今すぐなんとかしたいし、自分で把握したい。
摂食障害だと、食べ過ぎたら吐くとか拒食とか下剤とか、欲求(歪んでたとしても)のままにすぐさま身体のほうの辻褄を合わせていて、ずるいのである。
そして待つことができない。
本当は、ここで自分が当事者だからといって「摂食障害の人は〇〇だ」と書くべきじゃない。
私の摂食障害はこう、というところまでしか言えない。
それはシンポジウム後半の摂食障害の話を聞いて思ったことでした。
まだ頭を整理できていないので、今日はここまで。
第3回ミーティング(という名の読書タイム)
おととい、土曜日の午前中に設定したミーティングは…私以外の参加者ゼロでした!
でもショックというよりは、そりゃそうだよねーというか、
自助グループあるある(誰も来ないのも覚悟すべし)を一つ経験できたということで。
むしろ今まで来てもらえてたのが奇跡だったのでは。
こんな部屋でした。18人席がせつないのでせめて明るく加工。
隣の部屋ではカリグラフィー教室のマダムたちの、向こうの部屋ではママの会の活動が行われていました。
誰か来るかも、いやもう来ないか、と思いながら静かな会議室で本を読むのはけっこういい時間でした。
食べ物のない少し緊張感のある環境に2時間ちゃんと居続けることができたという、ひそか過ぎる達成感。。
もちろん、誰か来てくれたらいちばん嬉しいのですが。
ということで、懲りずに来月もやります!
[日時]2018年10月20日(土)18:00~20:00
[場所]多摩平交流センター集会室3‐3
よろしければぜひ。お待ちしてます。
第2回ミーティング報告と次回のこと
先週、2回目のミーティングでした。
お一人の参加者の方と、色々おしゃべりしました。
自助グループをやる意味があるんだろうか?というような話もしました。
摂食障害の治り方は人によってばらばらで、自助グループに行かなくてもいい人もいるし、参加してぴったりはまる人もいる。

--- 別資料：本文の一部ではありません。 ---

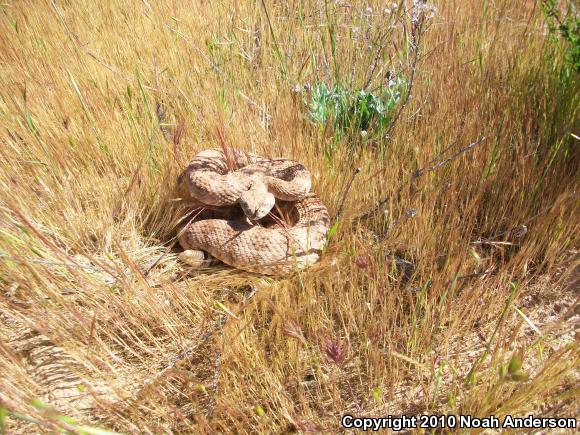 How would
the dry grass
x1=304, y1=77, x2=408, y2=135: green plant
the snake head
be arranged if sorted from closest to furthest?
1. the dry grass
2. the snake head
3. x1=304, y1=77, x2=408, y2=135: green plant

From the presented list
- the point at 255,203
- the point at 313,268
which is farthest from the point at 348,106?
the point at 313,268

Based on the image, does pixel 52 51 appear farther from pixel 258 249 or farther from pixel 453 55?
pixel 453 55

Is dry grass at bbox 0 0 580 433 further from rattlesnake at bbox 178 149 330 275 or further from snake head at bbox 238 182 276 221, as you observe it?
snake head at bbox 238 182 276 221

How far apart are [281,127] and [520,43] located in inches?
68.0

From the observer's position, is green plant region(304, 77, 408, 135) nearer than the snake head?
No

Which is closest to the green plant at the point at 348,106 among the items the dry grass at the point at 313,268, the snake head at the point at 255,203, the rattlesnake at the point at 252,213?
the dry grass at the point at 313,268

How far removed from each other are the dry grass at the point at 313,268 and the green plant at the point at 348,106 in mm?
135

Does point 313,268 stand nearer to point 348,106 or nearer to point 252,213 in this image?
point 252,213

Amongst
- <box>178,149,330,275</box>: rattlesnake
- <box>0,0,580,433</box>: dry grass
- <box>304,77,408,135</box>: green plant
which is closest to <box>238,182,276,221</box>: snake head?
<box>178,149,330,275</box>: rattlesnake

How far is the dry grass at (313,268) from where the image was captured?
142 centimetres

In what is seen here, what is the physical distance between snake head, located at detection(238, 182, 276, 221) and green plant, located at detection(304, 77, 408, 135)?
0.61 m

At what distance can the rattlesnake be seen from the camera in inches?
81.2

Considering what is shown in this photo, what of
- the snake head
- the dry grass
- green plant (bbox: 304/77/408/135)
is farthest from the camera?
green plant (bbox: 304/77/408/135)

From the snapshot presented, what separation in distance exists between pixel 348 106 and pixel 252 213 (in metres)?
1.04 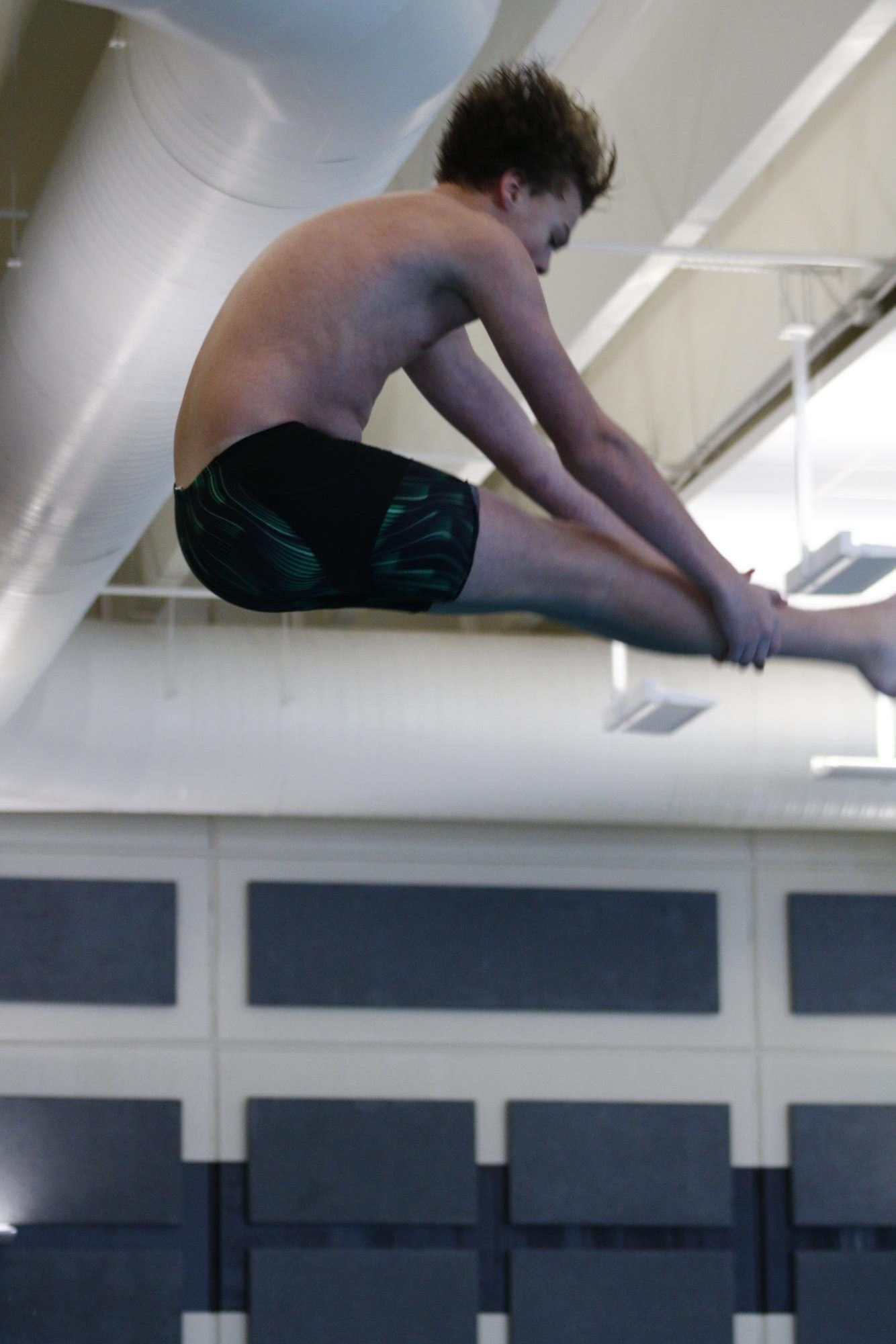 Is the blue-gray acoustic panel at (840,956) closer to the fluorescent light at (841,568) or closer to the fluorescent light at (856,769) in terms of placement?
the fluorescent light at (856,769)

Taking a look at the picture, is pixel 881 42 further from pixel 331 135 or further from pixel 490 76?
pixel 490 76

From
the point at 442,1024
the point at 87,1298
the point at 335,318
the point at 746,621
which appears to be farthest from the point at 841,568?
the point at 87,1298

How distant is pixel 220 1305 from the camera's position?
7324 mm

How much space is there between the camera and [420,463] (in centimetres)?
203

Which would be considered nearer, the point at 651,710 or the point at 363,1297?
the point at 651,710

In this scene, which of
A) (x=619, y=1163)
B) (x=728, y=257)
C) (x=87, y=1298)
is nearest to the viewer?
(x=728, y=257)

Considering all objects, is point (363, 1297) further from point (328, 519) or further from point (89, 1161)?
point (328, 519)

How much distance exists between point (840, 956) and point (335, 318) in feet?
21.2

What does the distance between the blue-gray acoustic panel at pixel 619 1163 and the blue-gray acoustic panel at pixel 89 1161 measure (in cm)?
150

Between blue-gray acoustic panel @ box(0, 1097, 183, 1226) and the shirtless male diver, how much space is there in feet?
18.5

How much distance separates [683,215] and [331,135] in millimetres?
1686

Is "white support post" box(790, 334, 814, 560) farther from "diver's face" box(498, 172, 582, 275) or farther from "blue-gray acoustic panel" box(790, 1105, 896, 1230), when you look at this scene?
"blue-gray acoustic panel" box(790, 1105, 896, 1230)

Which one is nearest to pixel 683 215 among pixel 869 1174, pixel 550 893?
pixel 550 893

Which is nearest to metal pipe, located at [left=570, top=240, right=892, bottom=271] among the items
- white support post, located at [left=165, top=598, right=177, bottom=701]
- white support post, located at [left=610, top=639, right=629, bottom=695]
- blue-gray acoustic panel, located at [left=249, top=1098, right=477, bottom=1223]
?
white support post, located at [left=610, top=639, right=629, bottom=695] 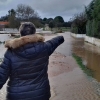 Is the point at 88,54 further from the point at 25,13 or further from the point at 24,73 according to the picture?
the point at 25,13

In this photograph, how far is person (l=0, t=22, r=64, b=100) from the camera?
286 centimetres

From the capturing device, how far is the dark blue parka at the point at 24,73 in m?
2.85

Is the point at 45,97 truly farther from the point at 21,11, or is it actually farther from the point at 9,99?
the point at 21,11

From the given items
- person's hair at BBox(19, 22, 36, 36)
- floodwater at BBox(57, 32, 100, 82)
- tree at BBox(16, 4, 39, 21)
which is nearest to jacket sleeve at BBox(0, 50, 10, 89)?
person's hair at BBox(19, 22, 36, 36)

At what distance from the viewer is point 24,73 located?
288cm

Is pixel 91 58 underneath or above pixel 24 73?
underneath

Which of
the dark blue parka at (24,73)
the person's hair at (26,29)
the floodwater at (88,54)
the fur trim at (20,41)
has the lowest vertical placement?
the floodwater at (88,54)

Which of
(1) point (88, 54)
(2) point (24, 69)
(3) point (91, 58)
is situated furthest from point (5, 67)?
(1) point (88, 54)

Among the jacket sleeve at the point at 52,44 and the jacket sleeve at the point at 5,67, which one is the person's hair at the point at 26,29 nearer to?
the jacket sleeve at the point at 52,44

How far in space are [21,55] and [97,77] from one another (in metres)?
7.18

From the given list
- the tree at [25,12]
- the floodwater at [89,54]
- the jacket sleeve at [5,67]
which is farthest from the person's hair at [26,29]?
the tree at [25,12]

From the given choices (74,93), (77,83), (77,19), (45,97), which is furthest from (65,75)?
(77,19)

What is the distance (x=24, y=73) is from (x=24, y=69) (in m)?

いろんなグループがあるから、勇気を出して参加しても合わないこともある。
合わなくても仕方ない。かえってストレスになるかもしれない。
でも少しだけ楽になったりするといいなとは思います。
自分で自助グループに行ったことは2回くらいしかありません。
すごく癒されたこともあったけど、そのときも帰ったら過食嘔吐していたし(というか今もずっとだけど)。
人と会うのはストレスなのに何かを求めて行っていたんだろうな。そして今も。
結局、ミーティングに来てくれる人のためなんて全然思っていなくて、自分のためにやっているんだなぁと再確認しました…
また来月も予定しています!
[日時]2018年9月22日(土)10:00~12:00
[場所]多摩平交流センター 集会室3‐1
今度は土曜日の午前中にしてみました。
よろしくお願いします。
第2回ミーティング
こんにちは。
夏休みの間、ひさしぶりに小説を読みました。
『蜜蜂』(マヤ・ルンデ作)という本です。
蜜蜂が絶滅してしまって農作物が受粉できず、食料危機で荒廃した近未来が描かれています。
実際に近年起こっている蜜蜂の大量死がネタになっていて、妙なリアリティがありました。
自分の病気は飽食の時代のせいだ、と思うことがあります。
食べものがない世の中になったら、摂食障害はなくなるでしょうか?
豪雨や地震といった災害のとき避難所の様子をテレビで見ると、この中に摂食障害の人がどれだけいるだろうかと思ったりします。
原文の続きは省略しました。